[Little Women by Louisa May Alcott]@TWC D-Link bookLittle Women CHAPTER SEVEN 4/11
But, alas, alas! Pride goes before a fall, and the revengeful Snow turned the tables with disastrous success.
No sooner had the guest paid the usual stale compliments and bowed himself out, than Jenny, under pretense of asking an important question, informed Mr.Davis, the teacher, that Amy March had pickled limes in her desk. Now Mr.Davis had declared limes a contraband article, and solemnly vowed to publicly ferrule the first person who was found breaking the law.
This much-enduring man had succeeded in banishing chewing gum after a long and stormy war, had made a bonfire of the confiscated novels and newspapers, had suppressed a private post office, had forbidden distortions of the face, nicknames, and caricatures, and done all that one man could do to keep half a hundred rebellious girls in order.
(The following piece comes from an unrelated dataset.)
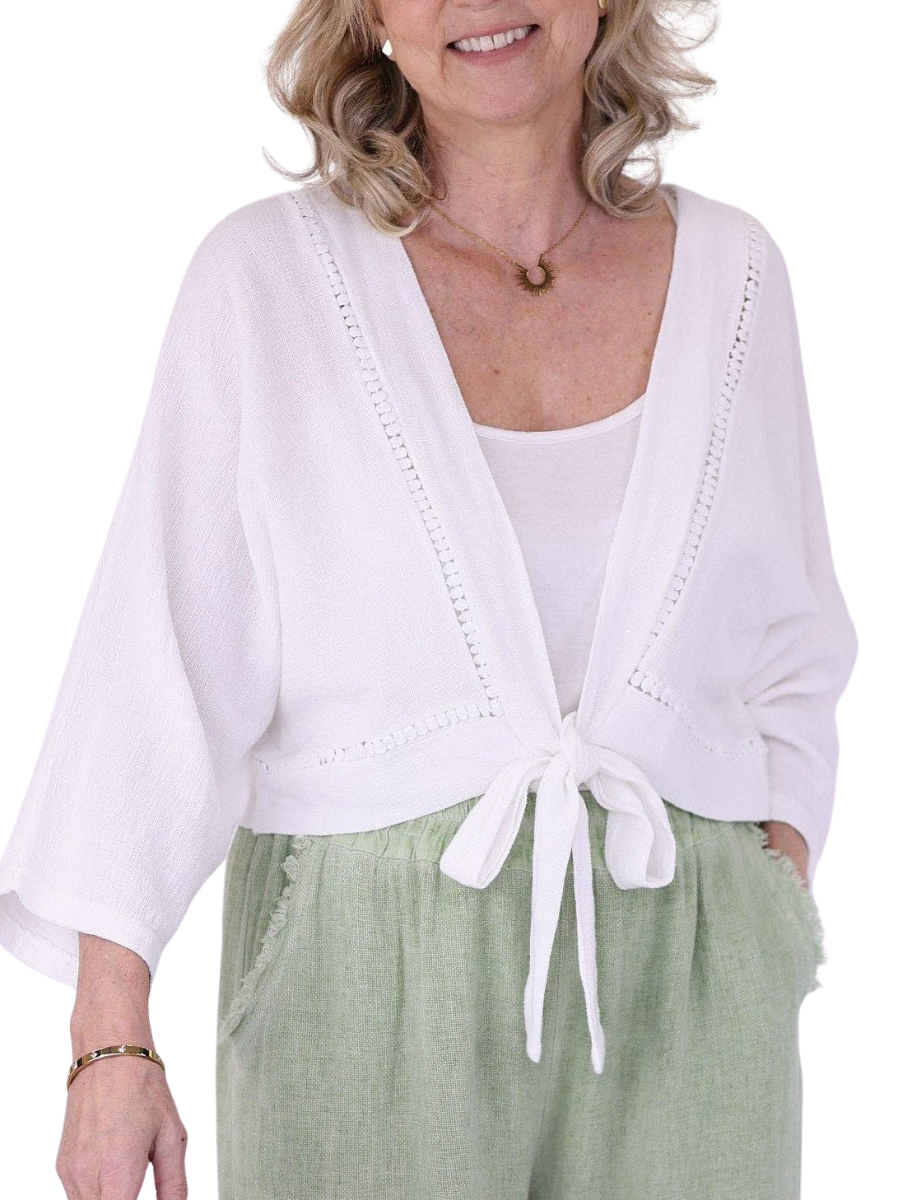 Linen Blend Tie Front Top - White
Boys are trying enough to human patience, goodness knows, but girls are infinitely more so, especially to nervous gentlemen with tyrannical tempers and no more talent for teaching than Dr.Blimber. Mr.Davis knew any quantity of Greek, Latin, algebra, and ologies of all sorts so he was called a fine teacher, and manners, morals, feelings, and examples were not considered of any particular importance.
It was a most unfortunate moment for denouncing Amy, and Jenny knew it.